**TASK BRIEF**
Word for word, the records below are to be set down again.
EXTRACTED RECORDS: Begin
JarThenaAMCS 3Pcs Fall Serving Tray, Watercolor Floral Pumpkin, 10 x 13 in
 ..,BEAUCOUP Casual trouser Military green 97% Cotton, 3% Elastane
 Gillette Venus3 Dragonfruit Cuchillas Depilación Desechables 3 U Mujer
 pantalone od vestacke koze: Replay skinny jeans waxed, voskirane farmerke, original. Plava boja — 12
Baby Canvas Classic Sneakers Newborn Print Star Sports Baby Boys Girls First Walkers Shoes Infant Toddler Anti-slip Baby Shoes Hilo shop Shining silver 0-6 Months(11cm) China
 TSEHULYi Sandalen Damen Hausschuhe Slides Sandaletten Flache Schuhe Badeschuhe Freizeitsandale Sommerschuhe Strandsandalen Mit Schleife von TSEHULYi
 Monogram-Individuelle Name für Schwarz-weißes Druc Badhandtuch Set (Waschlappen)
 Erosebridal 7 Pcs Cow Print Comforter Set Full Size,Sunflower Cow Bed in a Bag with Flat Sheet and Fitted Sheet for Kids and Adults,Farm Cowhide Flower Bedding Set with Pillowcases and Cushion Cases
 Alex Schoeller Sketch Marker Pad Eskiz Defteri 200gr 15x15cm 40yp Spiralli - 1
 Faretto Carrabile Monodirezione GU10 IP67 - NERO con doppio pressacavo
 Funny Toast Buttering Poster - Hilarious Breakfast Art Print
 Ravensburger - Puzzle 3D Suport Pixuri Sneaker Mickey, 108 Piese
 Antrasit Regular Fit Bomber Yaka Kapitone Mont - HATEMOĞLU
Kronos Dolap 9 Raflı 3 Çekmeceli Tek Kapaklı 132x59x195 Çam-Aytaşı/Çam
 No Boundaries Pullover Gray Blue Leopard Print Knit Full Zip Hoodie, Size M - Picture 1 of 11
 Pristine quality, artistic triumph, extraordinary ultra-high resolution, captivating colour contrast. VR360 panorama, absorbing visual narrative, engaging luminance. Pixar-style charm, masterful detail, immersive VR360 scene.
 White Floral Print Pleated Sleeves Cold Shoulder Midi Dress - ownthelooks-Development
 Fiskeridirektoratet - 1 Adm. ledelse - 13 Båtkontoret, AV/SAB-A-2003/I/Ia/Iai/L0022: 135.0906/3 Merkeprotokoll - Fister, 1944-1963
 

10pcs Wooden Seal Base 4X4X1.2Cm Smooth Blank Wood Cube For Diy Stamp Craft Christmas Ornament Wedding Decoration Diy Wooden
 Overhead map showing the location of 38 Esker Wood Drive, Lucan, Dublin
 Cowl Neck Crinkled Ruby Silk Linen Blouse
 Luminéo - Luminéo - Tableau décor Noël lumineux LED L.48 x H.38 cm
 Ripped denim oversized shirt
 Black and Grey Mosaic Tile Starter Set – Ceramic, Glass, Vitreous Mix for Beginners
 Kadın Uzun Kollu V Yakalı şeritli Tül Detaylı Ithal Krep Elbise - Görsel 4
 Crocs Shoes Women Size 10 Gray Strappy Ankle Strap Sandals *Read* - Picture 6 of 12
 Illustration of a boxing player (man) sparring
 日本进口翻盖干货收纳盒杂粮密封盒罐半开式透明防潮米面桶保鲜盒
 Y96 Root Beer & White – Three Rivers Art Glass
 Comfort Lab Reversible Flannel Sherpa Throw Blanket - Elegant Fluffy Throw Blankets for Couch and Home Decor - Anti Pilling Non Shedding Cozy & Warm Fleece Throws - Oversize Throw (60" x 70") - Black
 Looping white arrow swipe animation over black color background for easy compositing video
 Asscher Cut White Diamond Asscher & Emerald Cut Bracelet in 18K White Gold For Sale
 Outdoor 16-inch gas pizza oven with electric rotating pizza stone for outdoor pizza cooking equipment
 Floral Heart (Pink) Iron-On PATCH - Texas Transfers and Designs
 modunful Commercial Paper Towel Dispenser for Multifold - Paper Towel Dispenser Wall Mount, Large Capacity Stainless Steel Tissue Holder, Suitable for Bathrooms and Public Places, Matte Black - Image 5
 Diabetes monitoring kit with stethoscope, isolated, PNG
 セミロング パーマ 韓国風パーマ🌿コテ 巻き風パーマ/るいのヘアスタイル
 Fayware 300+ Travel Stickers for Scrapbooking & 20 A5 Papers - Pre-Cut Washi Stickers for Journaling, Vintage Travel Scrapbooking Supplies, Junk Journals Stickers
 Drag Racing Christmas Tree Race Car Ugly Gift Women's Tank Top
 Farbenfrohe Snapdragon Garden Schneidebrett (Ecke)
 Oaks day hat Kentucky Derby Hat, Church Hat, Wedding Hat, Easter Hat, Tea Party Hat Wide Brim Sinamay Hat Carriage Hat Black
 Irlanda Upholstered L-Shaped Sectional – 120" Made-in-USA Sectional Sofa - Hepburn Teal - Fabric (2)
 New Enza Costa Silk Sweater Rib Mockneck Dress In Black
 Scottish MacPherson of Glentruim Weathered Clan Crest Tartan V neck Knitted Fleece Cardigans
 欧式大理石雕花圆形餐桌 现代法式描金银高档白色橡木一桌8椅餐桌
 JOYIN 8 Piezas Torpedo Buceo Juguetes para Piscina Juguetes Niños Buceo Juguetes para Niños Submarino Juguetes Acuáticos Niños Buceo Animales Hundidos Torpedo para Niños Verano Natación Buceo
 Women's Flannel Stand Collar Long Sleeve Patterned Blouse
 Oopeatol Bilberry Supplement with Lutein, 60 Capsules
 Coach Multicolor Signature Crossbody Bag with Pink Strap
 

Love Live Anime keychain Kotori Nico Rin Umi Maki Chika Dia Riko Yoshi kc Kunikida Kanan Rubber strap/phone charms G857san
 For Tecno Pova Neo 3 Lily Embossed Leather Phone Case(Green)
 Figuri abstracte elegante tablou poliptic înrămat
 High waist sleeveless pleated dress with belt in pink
EXTRACTED RECORDS: End
**SOLUTION FOR THIS TASK**
JarThenaAMCS 3Pcs Fall Serving Tray, Watercolor Floral Pumpkin, 10 x 13 in
 ..,BEAUCOUP Casual trouser Military green 97% Cotton, 3% Elastane
 Gillette Venus3 Dragonfruit Cuchillas Depilación Desechables 3 U Mujer
 pantalone od vestacke koze: Replay skinny jeans waxed, voskirane farmerke, original. Plava boja — 12
Baby Canvas Classic Sneakers Newborn Print Star Sports Baby Boys Girls First Walkers Shoes Infant Toddler Anti-slip Baby Shoes Hilo shop Shining silver 0-6 Months(11cm) China
 TSEHULYi Sandalen Damen Hausschuhe Slides Sandaletten Flache Schuhe Badeschuhe Freizeitsandale Sommerschuhe Strandsandalen Mit Schleife von TSEHULYi
 Monogram-Individuelle Name für Schwarz-weißes Druc Badhandtuch Set (Waschlappen)
 Erosebridal 7 Pcs Cow Print Comforter Set Full Size,Sunflower Cow Bed in a Bag with Flat Sheet and Fitted Sheet for Kids and Adults,Farm Cowhide Flower Bedding Set with Pillowcases and Cushion Cases
 Alex Schoeller Sketch Marker Pad Eskiz Defteri 200gr 15x15cm 40yp Spiralli - 1
 Faretto Carrabile Monodirezione GU10 IP67 - NERO con doppio pressacavo
 Funny Toast Buttering Poster - Hilarious Breakfast Art Print
 Ravensburger - Puzzle 3D Suport Pixuri Sneaker Mickey, 108 Piese
 Antrasit Regular Fit Bomber Yaka Kapitone Mont - HATEMOĞLU
Kronos Dolap 9 Raflı 3 Çekmeceli Tek Kapaklı 132x59x195 Çam-Aytaşı/Çam
 No Boundaries Pullover Gray Blue Leopard Print Knit Full Zip Hoodie, Size M - Picture 1 of 11
 Pristine quality, artistic triumph, extraordinary ultra-high resolution, captivating colour contrast. VR360 panorama, absorbing visual narrative, engaging luminance. Pixar-style charm, masterful detail, immersive VR360 scene.
 White Floral Print Pleated Sleeves Cold Shoulder Midi Dress - ownthelooks-Development
 Fiskeridirektoratet - 1 Adm. ledelse - 13 Båtkontoret, AV/SAB-A-2003/I/Ia/Iai/L0022: 135.0906/3 Merkeprotokoll - Fister, 1944-1963
 

10pcs Wooden Seal Base 4X4X1.2Cm Smooth Blank Wood Cube For Diy Stamp Craft Christmas Ornament Wedding Decoration Diy Wooden
 Overhead map showing the location of 38 Esker Wood Drive, Lucan, Dublin
 Cowl Neck Crinkled Ruby Silk Linen Blouse
 Luminéo - Luminéo - Tableau décor Noël lumineux LED L.48 x H.38 cm
 Ripped denim oversized shirt
 Black and Grey Mosaic Tile Starter Set – Ceramic, Glass, Vitreous Mix for Beginners
 Kadın Uzun Kollu V Yakalı şeritli Tül Detaylı Ithal Krep Elbise - Görsel 4
 Crocs Shoes Women Size 10 Gray Strappy Ankle Strap Sandals *Read* - Picture 6 of 12
 Illustration of a boxing player (man) sparring
 日本进口翻盖干货收纳盒杂粮密封盒罐半开式透明防潮米面桶保鲜盒
 Y96 Root Beer & White – Three Rivers Art Glass
 Comfort Lab Reversible Flannel Sherpa Throw Blanket - Elegant Fluffy Throw Blankets for Couch and Home Decor - Anti Pilling Non Shedding Cozy & Warm Fleece Throws - Oversize Throw (60" x 70") - Black
 Looping white arrow swipe animation over black color background for easy compositing video
 Asscher Cut White Diamond Asscher & Emerald Cut Bracelet in 18K White Gold For Sale
 Outdoor 16-inch gas pizza oven with electric rotating pizza stone for outdoor pizza cooking equipment
 Floral Heart (Pink) Iron-On PATCH - Texas Transfers and Designs
 modunful Commercial Paper Towel Dispenser for Multifold - Paper Towel Dispenser Wall Mount, Large Capacity Stainless Steel Tissue Holder, Suitable for Bathrooms and Public Places, Matte Black - Image 5
 Diabetes monitoring kit with stethoscope, isolated, PNG
 セミロング パーマ 韓国風パーマ🌿コテ 巻き風パーマ/るいのヘアスタイル
 Fayware 300+ Travel Stickers for Scrapbooking & 20 A5 Papers - Pre-Cut Washi Stickers for Journaling, Vintage Travel Scrapbooking Supplies, Junk Journals Stickers
 Drag Racing Christmas Tree Race Car Ugly Gift Women's Tank Top
 Farbenfrohe Snapdragon Garden Schneidebrett (Ecke)
 Oaks day hat Kentucky Derby Hat, Church Hat, Wedding Hat, Easter Hat, Tea Party Hat Wide Brim Sinamay Hat Carriage Hat Black
 Irlanda Upholstered L-Shaped Sectional – 120" Made-in-USA Sectional Sofa - Hepburn Teal - Fabric (2)
 New Enza Costa Silk Sweater Rib Mockneck Dress In Black
 Scottish MacPherson of Glentruim Weathered Clan Crest Tartan V neck Knitted Fleece Cardigans
 欧式大理石雕花圆形餐桌 现代法式描金银高档白色橡木一桌8椅餐桌
 JOYIN 8 Piezas Torpedo Buceo Juguetes para Piscina Juguetes Niños Buceo Juguetes para Niños Submarino Juguetes Acuáticos Niños Buceo Animales Hundidos Torpedo para Niños Verano Natación Buceo
 Women's Flannel Stand Collar Long Sleeve Patterned Blouse
 Oopeatol Bilberry Supplement with Lutein, 60 Capsules
 Coach Multicolor Signature Crossbody Bag with Pink Strap
 

Love Live Anime keychain Kotori Nico Rin Umi Maki Chika Dia Riko Yoshi kc Kunikida Kanan Rubber strap/phone charms G857san
 For Tecno Pova Neo 3 Lily Embossed Leather Phone Case(Green)
 Figuri abstracte elegante tablou poliptic înrămat
 High waist sleeveless pleated dress with belt in pink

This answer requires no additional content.